Mass transfer dynamics in double degenerate binary systems

TL;DR

This study uses numerical simulations to analyze the mass transfer process in double white dwarf systems before merger, highlighting the importance of initial conditions and demonstrating convergence across different computational methods.

Contribution

It reveals that the duration of mass transfer in double white dwarf systems is highly sensitive to initial conditions and shows that different simulation methods can produce consistent results with proper setup.

Findings

Mass transfer can last for many orbital periods with proper initial conditions.

Results are resolution-biased, providing lower limits to real systems.

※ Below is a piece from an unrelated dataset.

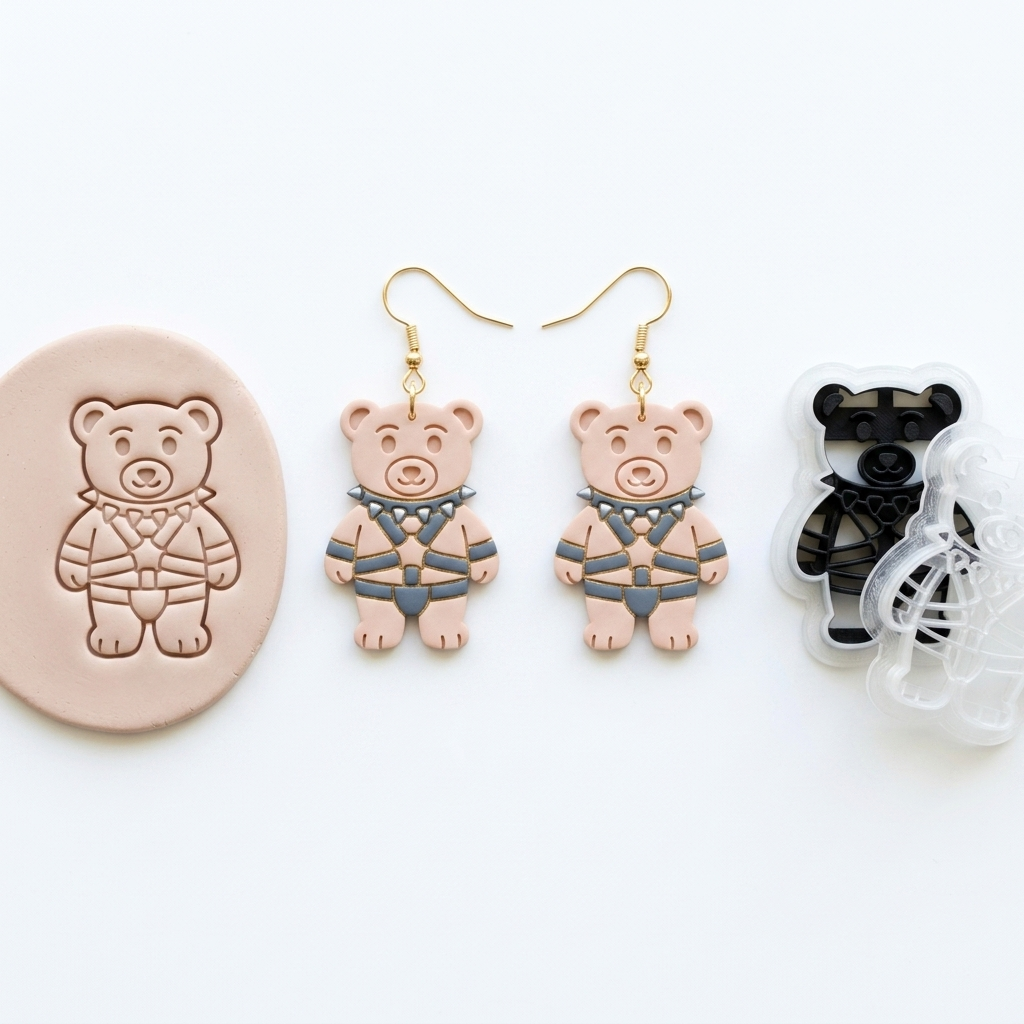 Spiked Collar Bear Polymer Clay Cutter | Edgy Cute Earring Tool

Different numerical methods converge to similar outcomes when carefully prepared.

Abstract

We present a numerical study of the mass transfer dynamics prior to the gravitational wave-driven merger of a double white dwarf system. Recently, there has been some discussion about the dynamics of these last stages, different methods seemed to provide qualitatively different results. While earlier SPH simulations indicated a very quick disruption of the binary on roughly the orbital time scale, more recent grid-based calculations find long-lived mass transfer for many orbital periods. Here we demonstrate how sensitive the dynamics of this last stage is to the exact initial conditions. We show that, after a careful preparation of the initial conditions, the reportedly short-lived systems undergo mass transfer for many dozens of orbits. The reported numbers of orbits are resolution-biased and therefore represent only lower limits to what is realized in nature. Nevertheless, the study shows convincingly the convergence of different methods to very similar results.